But, as you mentioned earlier in the series, it MAY be worth
rearranging states anyways, to specifically route extended header
parsing differently from structured header parsing.  So I'm still
playing with that, and seeing what may happen to this patch as
fallout.

> 
> >
> > At this point, h->extended_headers is permanently false (we can't
> > enable it until all other aspects of the protocol have likewise been
> > converted).
> >
> > Signed-off-by: Eric Blake <eblake@redhat.com>
> > ---
> >  lib/internal.h                      |  1 +
> >  generator/states-reply-structured.c | 52 +++++++++++++++++++----------
> >  generator/states-reply.c            | 34 ++++++++++++-------
> >  3 files changed, 58 insertions(+), 29 deletions(-)
> 
> Probably best to reorder the files in this patch for review:

I see what you mean: because of the state hierarchy, it is probably
worth tweaking the git orderfile to favor files nearer the top of the
state tree first, rather than strict alphabetical ordering of *.c.  I
may just push a patch for that without needing review, as it doesn't
affect library semantics at all.

...
> > +++ b/generator/states-reply.c
> > @@ -62,15 +62,19 @@  REPLY.START:
> >     */
> >    ssize_t r;
> >
> > -  /* We read all replies initially as if they are simple replies, but
> > -   * check the magic in CHECK_SIMPLE_OR_STRUCTURED_REPLY below.
> > -   * This works because the structured_reply header is larger.
> > +  /* With extended headers, there is only one size to read, so we can do it
> > +   * all in one syscall.  But for older structured replies, we don't know 
> > if
> > +   * we have a simple or structured reply until we read the magic number,
> > +   * requiring a two-part read with CHECK_SIMPLE_OR_STRUCTURED_REPLY below.
> >     */
> >    assert (h->reply_cmd == NULL);
> >    assert (h->rlen == 0);
> >
> >    h->rbuf = &h->sbuf.reply.hdr;
> > -  h->rlen = sizeof h->sbuf.reply.hdr.simple;
> > +  if (h->extended_headers)
> > +    h->rlen = sizeof h->sbuf.reply.hdr.extended;
> > +  else
> > +    h->rlen = sizeof h->sbuf.reply.hdr.simple;
> >
> >    r = h->sock->ops->recv (h, h->sock, h->rbuf, h->rlen);
> >    if (r == -1) {
> 
> The comment "This works because the structured_reply header is larger"
> is being removed, which makes the non-ext branch even less
> comprehensible than before.
> 
> (2) Can we add the STATIC_ASSERT() here, stating that "sizeof simple" is
> smaller than "sizeof structured"?

Yep, I'm already rebasing onto some additional asserts along those
lines, based on your reviews earlier in the series.

> 
> > @@ -116,16 +120,22 @@  REPLY.CHECK_SIMPLE_OR_STRUCTURED_REPLY:
> >    uint64_t cookie;
> >
> >    magic = be32toh (h->sbuf.reply.hdr.simple.magic);
> > -  if (magic == NBD_SIMPLE_REPLY_MAGIC) {
> > +  switch (magic) {
> > +  case NBD_SIMPLE_REPLY_MAGIC:
> > +    if (h->extended_headers)
> > +      goto invalid;
> >      SET_NEXT_STATE (%SIMPLE_REPLY.START);
> > -  }
> > -  else if (magic == NBD_STRUCTURED_REPLY_MAGIC) {
> > +    break;
> > +  case NBD_STRUCTURED_REPLY_MAGIC:
> > +  case NBD_EXTENDED_REPLY_MAGIC:
> > +    if ((magic == NBD_STRUCTURED_REPLY_MAGIC) == h->extended_headers)
> 
> Heh, I love this ((a == b) == c) "equivalence" form! :)

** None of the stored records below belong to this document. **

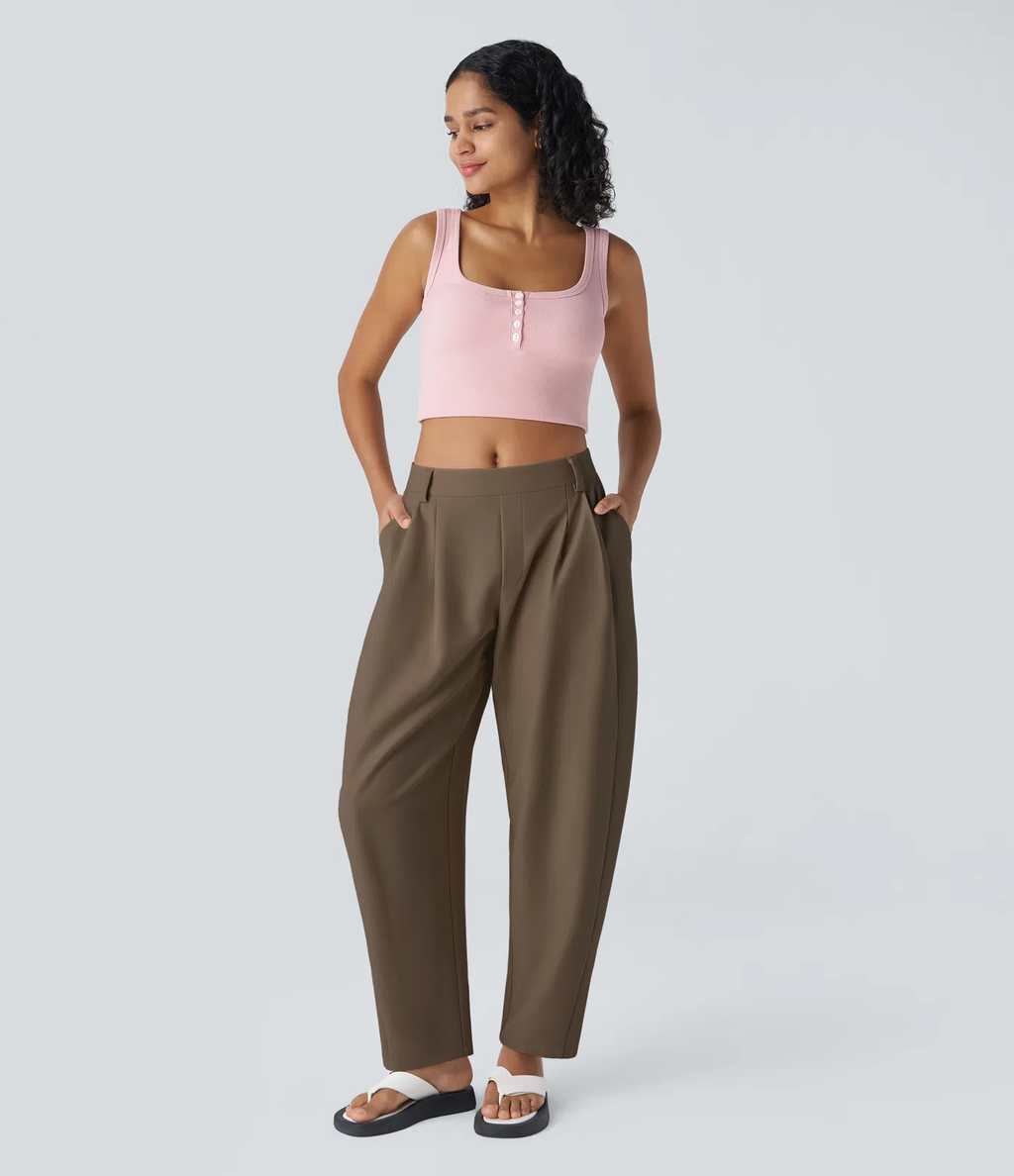 Pantalón Plisado Tiro Medio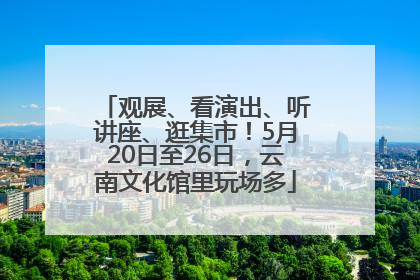 观展、看演出、听讲座、逛集市！5月20日至26日，云南文化馆里玩场多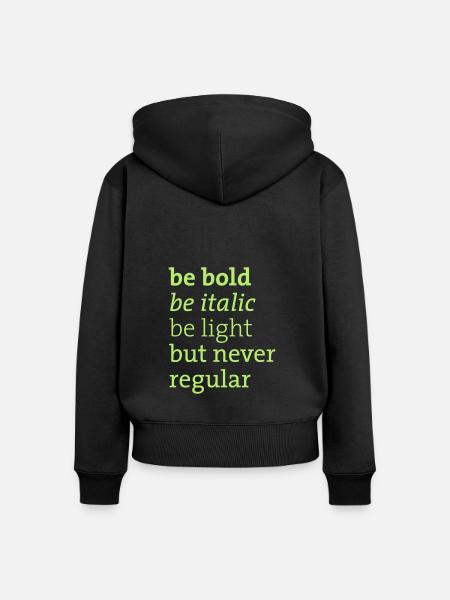 be never regular - Frauen Premium Bio Zip Hoodie - Schwarz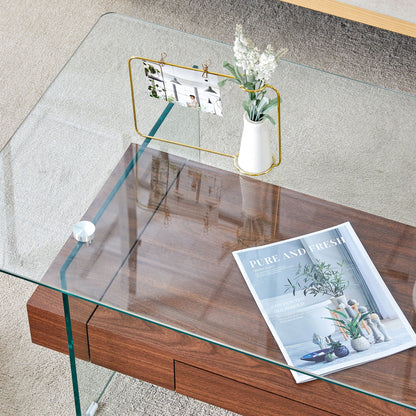Modern 2 Tier Coffee Table With Drawer Clear Tempered Glass, Multifunctional Storage - Transparent / Wood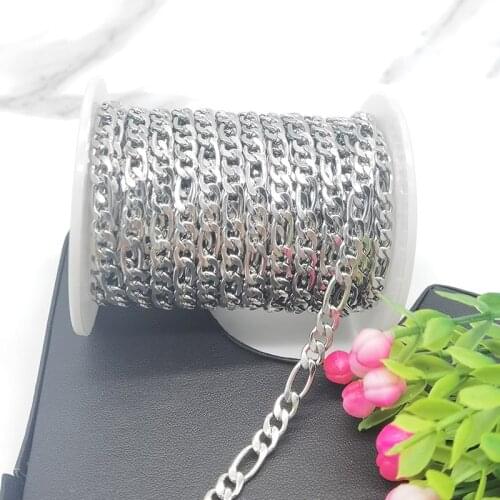 1 Meter Width 3mm 3.8mm 5mm 7mm Cuban NK 3:1 Chains Stainless Steel Figaro Mill Chain for DIY Handmade Necklace Bracelet Making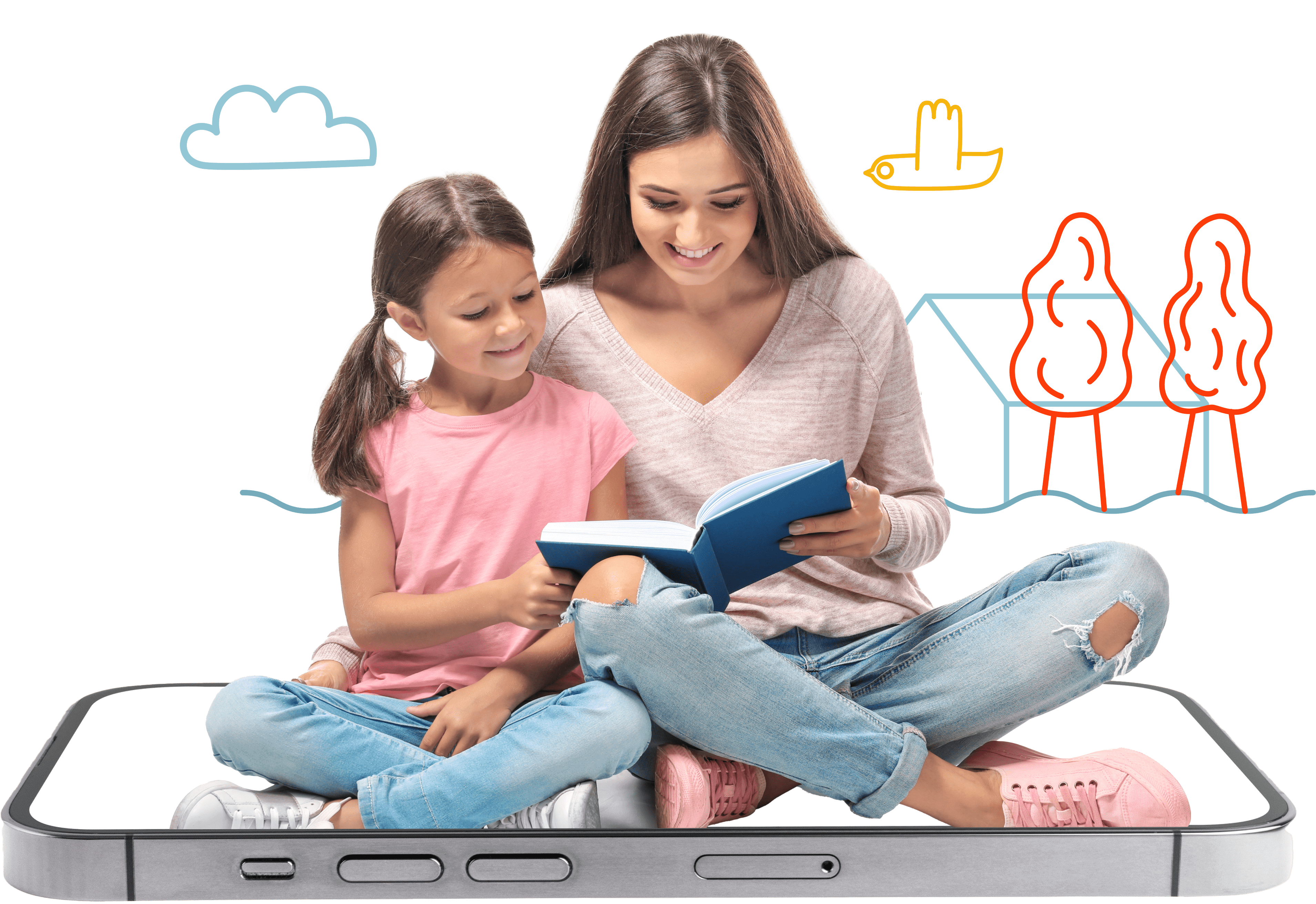 A mother and her daughter reading a book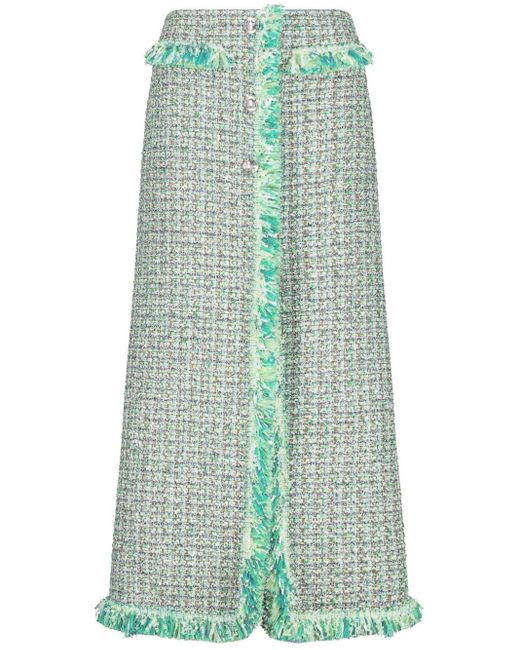 Giambattista Valli Green Frayed-detail Tweed Skirt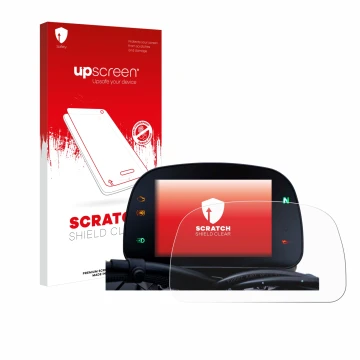 Parte frontal de un envase de producto con el logotipo de la marca upscreen. Al lado se muestra el dispositivo Moto Morini Sei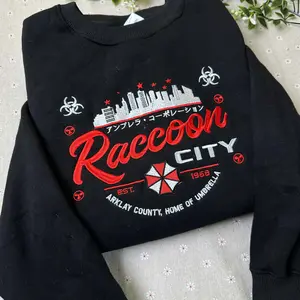 Raccoon City Resident Evil Embroidered Sweatshirt,  Leon Kennedy Shirt, Horror Game Merch, Gamer Gift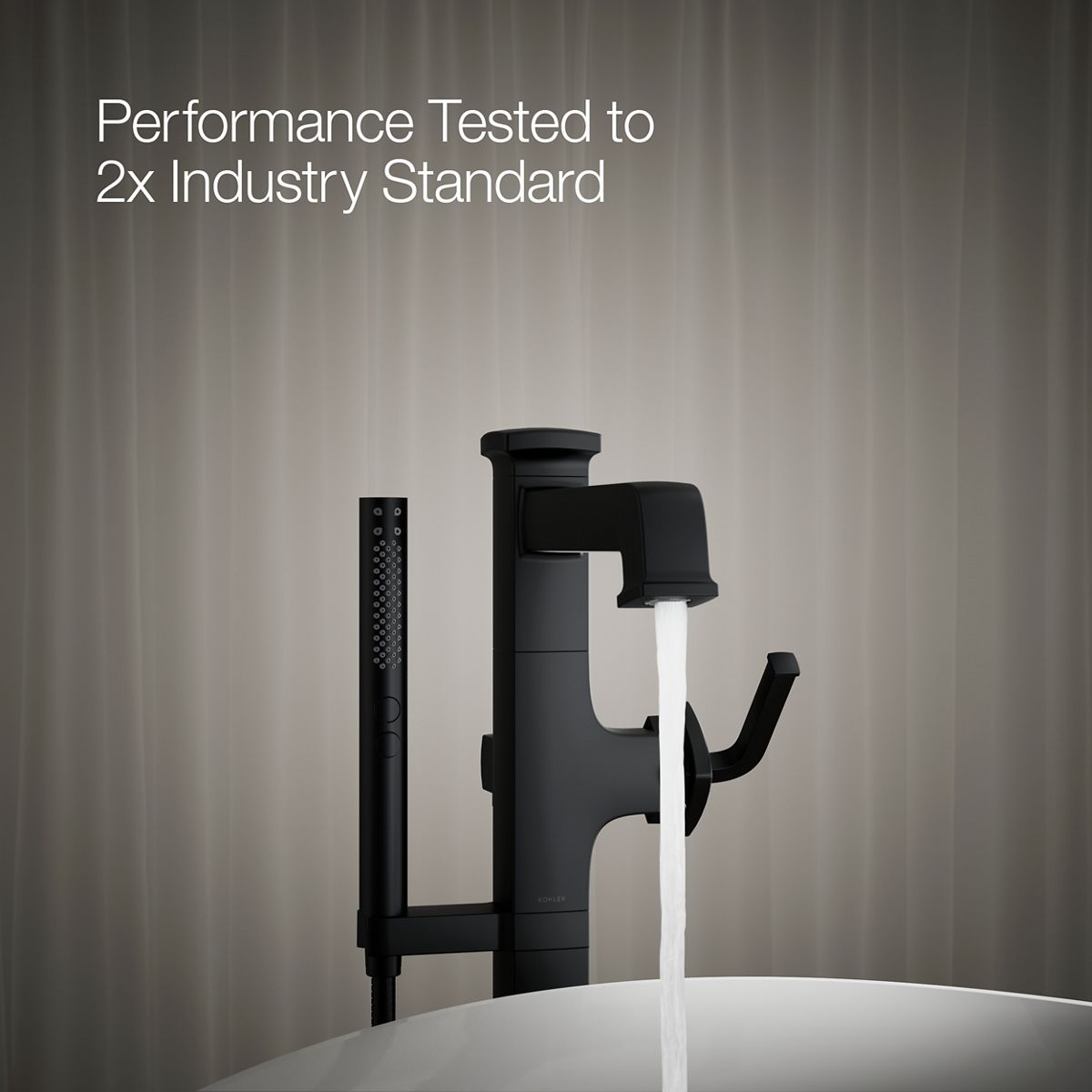 KOHLER K-T27408-4 Riff Floor-mount bath filler trim with handshower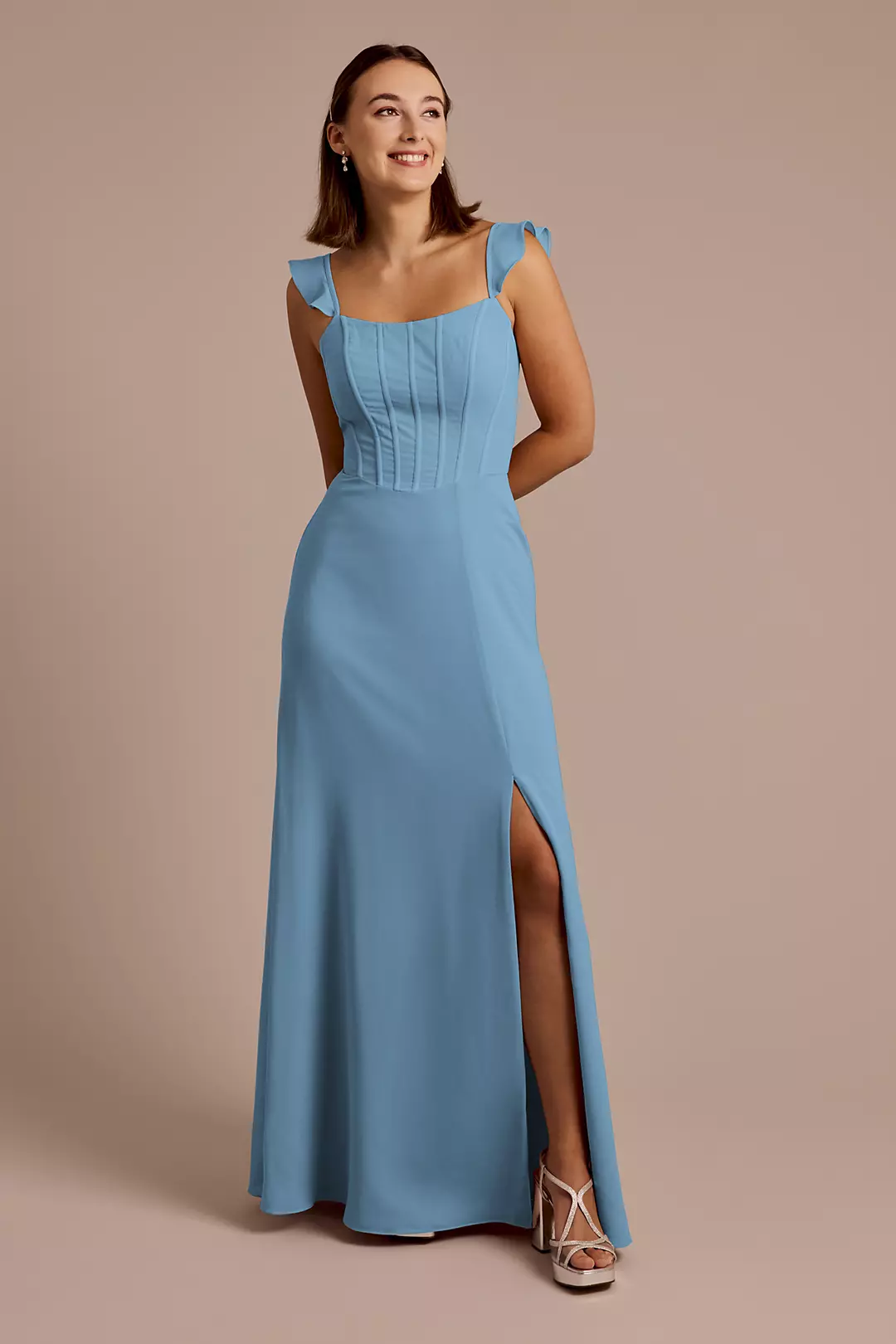 Chiffon Corset Dress with Flutter Sleeves - Image 57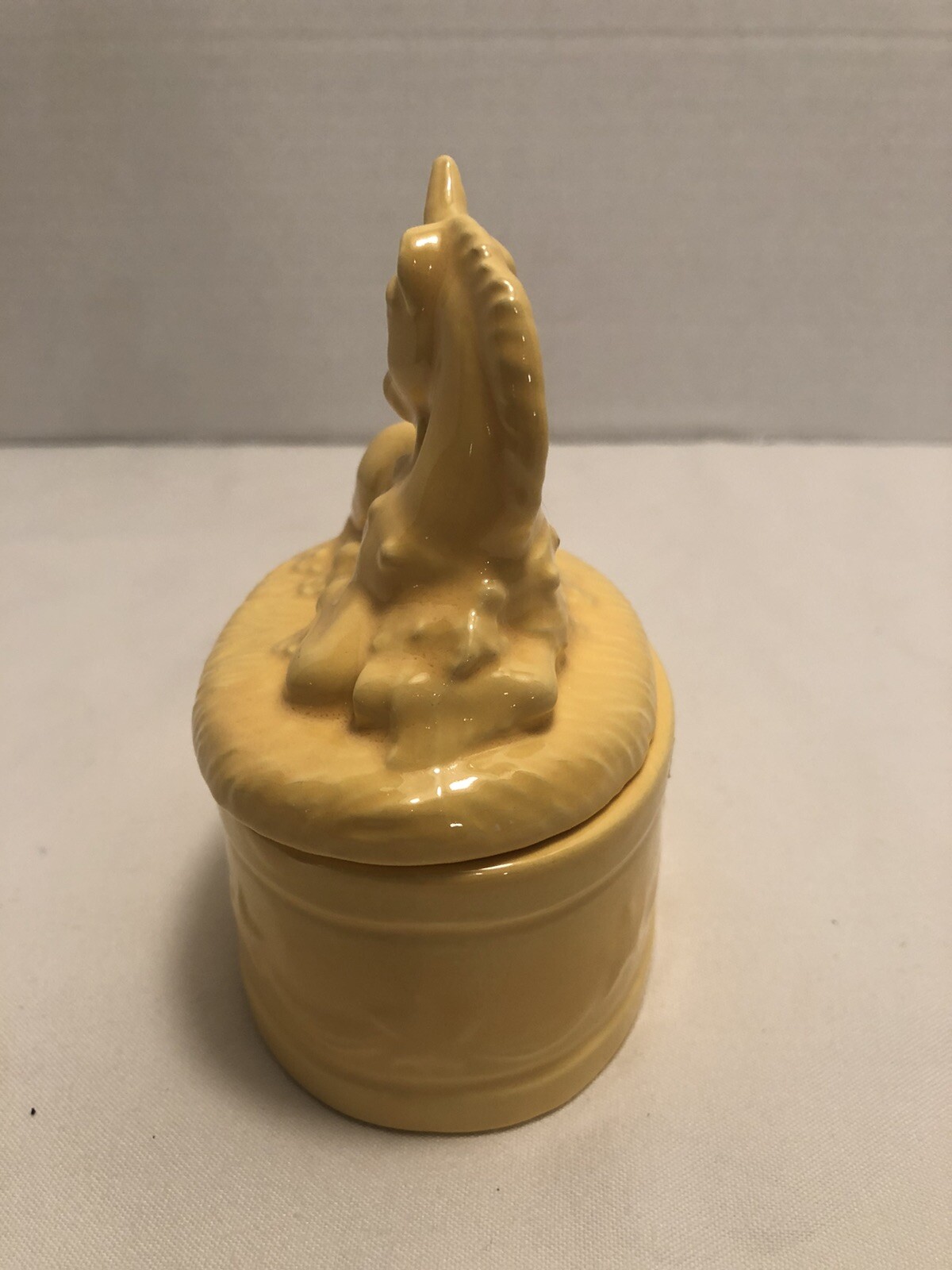 4.5” Ceramic Yellow Unicorn Trinket Box
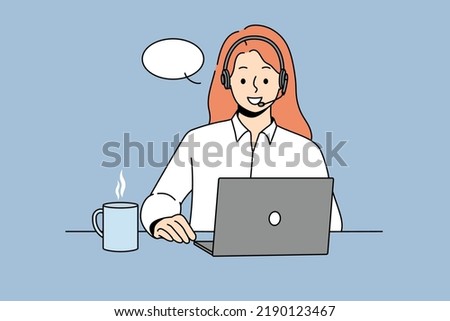Smiling woman in headset sit ta desk talk on video call on computer. Happy female call center agent have online conversation on laptop. Vector illustration. 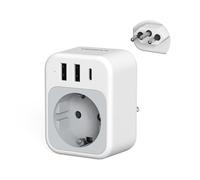 TESSAN Adaptateur Prise Bresil avec USB C, Adaptateur Type N, 4 en 1 Prise Type N avec 1 AC et 3 Ports USB, 3250W Travel Adapter de la France vers Le Brésil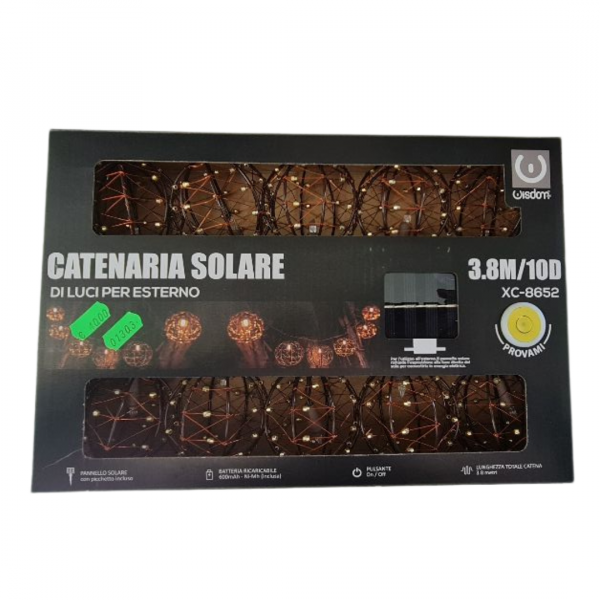 Catena luminosa a Led decorativa con pannello solare 3,8 metri 10 sfere Bianco Caldo 2200K - immagine 3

I still do a double-take every time I see 'a < b < c' in languages
(like python) that support it as shorthand for 'a < b && b < c'.  Even
weirder is when you see 'a < b > c'.  But yes, C's non-transitive ==
can be a surprise for the uninitiated.

> 
> > +      goto invalid;
> >      SET_NEXT_STATE (%STRUCTURED_REPLY.START);
> > -  }
> > -  else {
> > -    /* We've probably lost synchronization. */
> > -    SET_NEXT_STATE (%.DEAD);
> > -    set_error (0, "invalid reply magic 0x%" PRIx32, magic);
> > +    break;
> > +  default:
> > +  invalid:
> > +    SET_NEXT_STATE (%.DEAD); /* We've probably lost synchronization. */
> > +    set_error (0, "invalid or unexpected reply magic 0x%" PRIx32, magic);
> >  #if 0 /* uncomment to see desynchronized data */
> >      nbd_internal_hexdump (&h->sbuf.reply.hdr.simple,
> >                            sizeof (h->sbuf.reply.hdr.simple),
> 
> My apologies, but I find *this* placement of "invalid" terrible. I
> thought the "goto invalid" statements were jumping to the end of the
> function. Now I see they jump effectively to another case label.
> 
> (3) How about this (on top of your patch, to be squashed):

That part of the patch pre-dates other reviews I've seen from you on
the same topic (this patch series has been percolating on my local
builds for a long time), so I'm not surprised by your request, and I'm
happy to squash in your improvement.  I may have copied from other
similar code in the generator/states-*.c files, if so, I'll probably
do a separate cleanup patch first.

> 
> ... At the same time, even with this "cleanup" for the labels, I find it
> relatively confusing (albeit correct, as far as I can tell!) that in
> REPLY.CHECK_SIMPLE_OR_STRUCTURED_REPLY, we first check the magic
> number(s) and *then* whether we negotiated extended headers, whereas in
> all the other state handlers, the order (= condition nesting) is the
> opposite: we first check extended headers, and deal with any other
> objects second. This makes the assert()s in REPLY.STRUCTURED_REPLY.START
> especially tricky to demonstrate -- I think I've managed to do it, it
> looks correct, it's just hard. So that's a half- (or quarter-)hearted
> proposal to investigate how REPLY.CHECK_SIMPLE_OR_STRUCTURED_REPLY
> looked if there too, "extended_headers" were the outer check. Anyway, I
> don't feel strongly about this. :)
> 
> (4) Still in REPLY.CHECK_SIMPLE_OR_STRUCTURED_REPLY, we have a comment
> saying
> 
>    /* NB: This works for both simple and structured replies because the
>     * handle (our cookie) is stored at the same offset.
>     */
> 
> The code under it applies to extended headers too, so the comment should
> be updated.
> 
> (There's a similar comment in REPLY.FINISH_COMMAND, too; I'm not sure if
> that state is relevant for extended headers.)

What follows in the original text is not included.